Опубликовано в журнале Иностранная литература, номер 7, 2021
Глава VII. Шарль Бодлер
<…> Как легко убедится всякий, читающий стихи Бодлера, поэт но-настоящему любил всегда только одну женщину — ту самую Жанну, которую он так изумительно воспевал[1]. Это была очень высокая мулатка, с лицом, исполненным великолепного простодушия; она гордо несла голову в ореоле темных и жестких курчавых волос, и в ее королевской походке, исполненной дикой грации, чудилось разом и что-то божественное, и что-то звериное. Случилось так, что я, посещая ее подруг, познакомился с нею раньше, чем с поэтом, который впоследствии ее обессмертил, а в ту пору сам был никому не известен. Как сейчас вижу ее: в бархатном чепчике, который был ей удивительно к лицу, в платье из плотной темно-синей шерсти с золотой оторочкой, она много рассказывала нам о господине Бодлере, о прекрасной обстановке его квартиры, о его коллекциях, о его маниях; в самом деле, каким маньяком должен был казаться этой прелестной невежде человек, страстно влюбленный в совершенство, искавший безупречности во всем и полировавший ногти так же тщательно, как и новый сонет!
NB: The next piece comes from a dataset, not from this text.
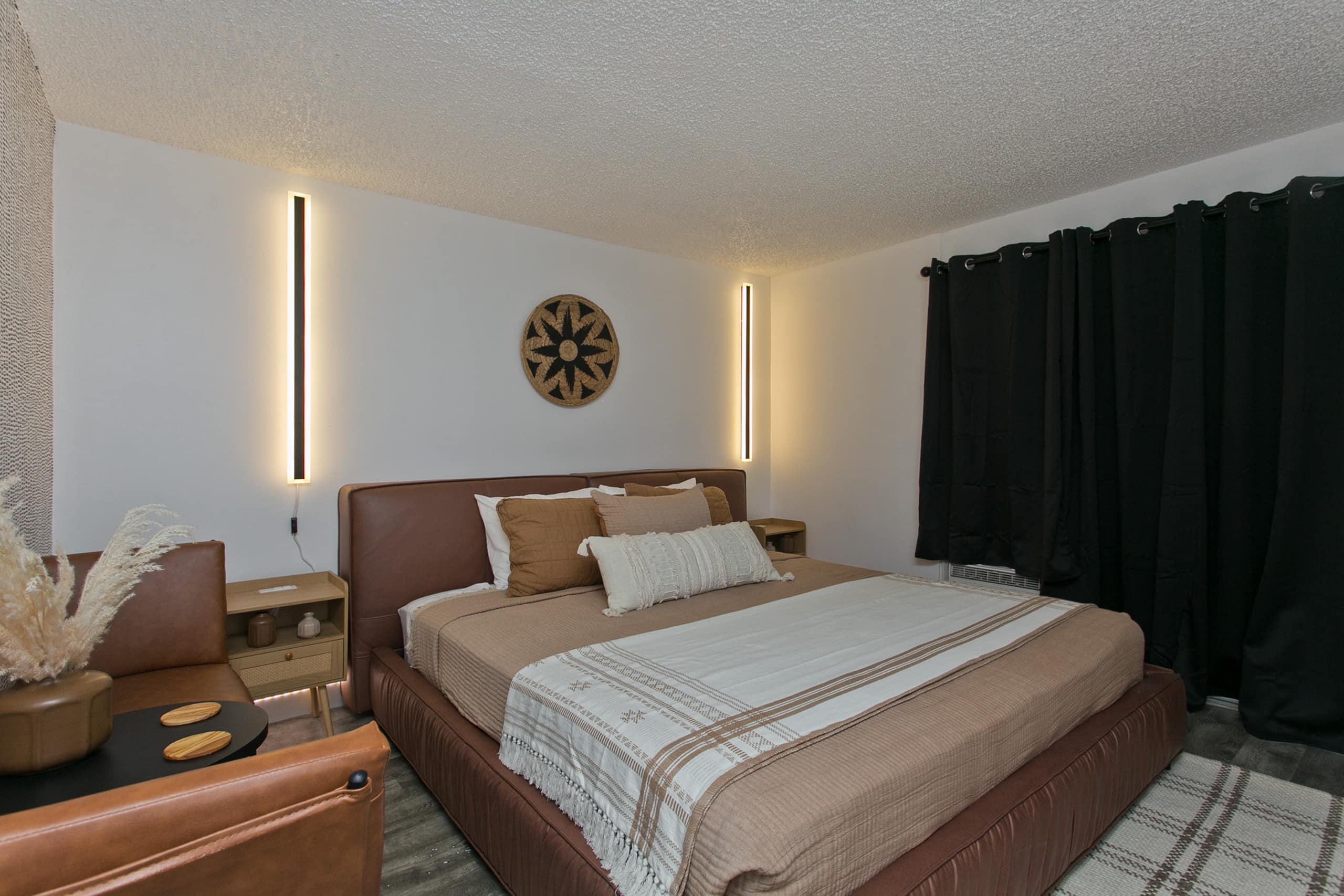 Boho Chic-1/2 Block To Beach - Image 11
Добавьте, что этот созерцатель усаживал Жанну перед собой в глубокое кресло; он смотрел на нее с любовью и долго любовался ею или читал ей стихи на языке, которого она не знала. Пожалуй, это наилучший способ говорить с женщиной, чьи речи наверняка звучали бы не в такт пьянящей симфонии, воспевающей ее красоту; однако можно понять и женщину, которая с этим не соглашается и удивляется тому, что к ней относятся, как к красивой кошке. Вдобавок Бодлер, в ту пору очень богатый, но живший по собственной прихоти в очень тесной квартире, привык избавляться от старой мебели, если находил у торговцев нечто более красивое, так что привратники нисколько не удивлялись, когда видели на лестнице толпы комиссионеров, уносивших старые вещи и приносивших новые. Разумеется, для художника нет ничего более естественного, чем жажда красоты и разнообразия, но чернокожую красавицу эти замены мебели, понятное дело, не могли не поразить.
Неудивительно, что Жанна постоянно толковала нам о господине Бодлере; однако она ни разу не упомянула ни о его социальном положении, ни о его возрасте, так что на основании ее вздорных рассказов я воображал себе старца по меньшей мере лет семидесяти, наверняка одетого в пюсовый шелковый халат, седого, бритого, ироничного, нюхающего испанский табак из золотой табакерки и помнящего XVIII столетие. Но вот однажды теплым, прелестным летним вечером, когда кругом царит веселье, благоухают ароматы, дует нежный ветерок и так приятно дышать и жить, я прогуливался в Люксембургском саду с Прива д’Англемоном[2], который, показав мне проходившего поблизости юношу двадцати лет, красивого, как бог, сказал мне радостно, как будто счастлив лицезреть товарища:
— Смотри-ка, вот Бодлер!
— Как! — изумился я. — Это, должно быть, родственник того господина Бодлера, о котором нам все уши прожужжала красотка Жанна?
— Да нет, — расхохотался Прива. — Это он сам собственной персоной.
[1] О чернокожей возлюбленной Бодлера Жанне точных биографических сведений очень немного; не известна ни ее фамилия (Дюваль, Лемер или Проспер?), ни год и место ее рождения, ни год ее смерти (известно только, что она пережила Бодлера); во Францию она приехала, по-видимому, во второй половине 1830-х гг., а с Бодлером познакомилась весной 1842 г.; связь их с перерывами длилась до 1861 г.
[2] Александр Прива д’Англемон (1815–1859) — писатель и журналист, автор двух сборников о парижской жизни («Париж в анекдотах», 1854, и «Неизвестный Париж», 1861), воплощение богемного образа жизни.